The captured FCS inputs, and only these, can trigger diffusive filling-in of a surface representation on the corresponding FIDOs. Because this filled-in surface is activated by depth-selective BCS boundaries, it inherits the same depth as these boundaries. Not every filling-in event can generate a surface representation. Because activity spreads until it hits a boundary, only surfaces that are surrounded by a connected BCS boundary, or fine web of such boundaries, are effectively filled-in. The diffusion of activity dissipates across the FIDO otherwise.
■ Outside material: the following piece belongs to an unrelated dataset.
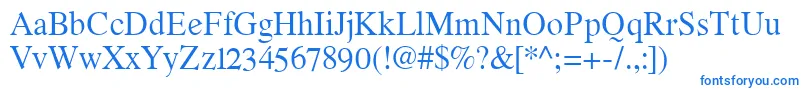 Шрифт Romandeadfno2stdRegular – синие шрифты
An analysis of the outputs of BCS and FCS subsystems has shown that too many boundary and surface fragments are formed as a result of the size-disparity correlation. These extra boundaries and surfaces are pruned by a process whereby the complementary boundary and surface properties interact to achieve a mutually consistent percept. Remarkably, many data about the perception of occluding and occluded objects may be explained as consequences of this pruning operation; see Grossberg (1994, 1997) and Grossberg & McLoughlin (1997).
Feedback from the FCS to the BCS is needed to achieve such boundary-surface consistency. A contrast-sensitive process at the monocular FIDOs detects the contours of successfully filled-in surface regions. These contour signals activate FCS-to-BCS feedback signals (pathways 7) which further excite the BCS boundaries corresponding to their own positions and depths. The boundaries that activated the successfully filled-in surfaces are hereby strengthened. The feedback signals also inhibit redundant boundaries at their own positions and farther depths. This inhibition from near-to-far is the first example within the theory of the asymmetry between near and far. The boundary pruning process spares the closest surface representations that successfully fills-in at a given set of positions, while removing redundant copies of the boundaries of occluding objects that would otherwise form at farther depths. When the competition from these redundant occluding boundaries is removed, the boundaries of partially occluded objects can be amodally completed behind them on BCS copies that represent farther depths. Moreover, when the redundant occluding boundaries collapse, the redundant surfaces that they momentarily supported at the monocular FIDOs collapse. Occluding surfaces are hereby seen to lie in front of occluded surfaces.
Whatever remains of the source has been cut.